Wenn Sie Ihr Kompetenzprofil um Anforderungen ergänzen müssen, die in Ihrer eigenen Stärken/Schwächen-Analyse keine Rolle gespielt haben, sollten Sie noch einmal kritisch überprüfen, wie Ihre Kompetenzen in diesem Bereich ausgeprägt sind.


Im nächsten Schritt können Sie die einzelnen Punkte Ihres Kompetenzprofils miteinander zu einer Linie verbinden und das Gleiche mit den Punkten des Anforderungssprofils tun. Jetzt können Sie auf einen Blick erkennen, inwieweit beide zusammenpassen.

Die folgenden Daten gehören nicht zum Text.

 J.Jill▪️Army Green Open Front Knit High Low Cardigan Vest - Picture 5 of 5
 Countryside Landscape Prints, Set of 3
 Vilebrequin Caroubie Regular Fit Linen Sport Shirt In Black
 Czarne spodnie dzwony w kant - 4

  • Inwieweit stimmt mein Kompetenzprofil mit dem Anforderungsprofil des Unternehmens überein (Übereinstimmungen, leichte Differenzen, grössere Differenzen)?
  • Wo liegen meine besonderen fachlichen Qualifikationen?
  • Wo liegen meine besonderen persönlichen Kompetenzen?
  • Welche Vorteils- und Nutzen-Argumentation kann ich aus dem Profilvergleich ableiten?
  • Wie kann ich hinsichtlich deutlicher Unterschiede zwischen beiden Profilen argumentieren?
  • Was kann ich tun, um diese Unterschiede zu verringern?
  • Verfüge ich über Qualifikationen, mit denen ich mich von anderen Bewerbern abgrenzen kann?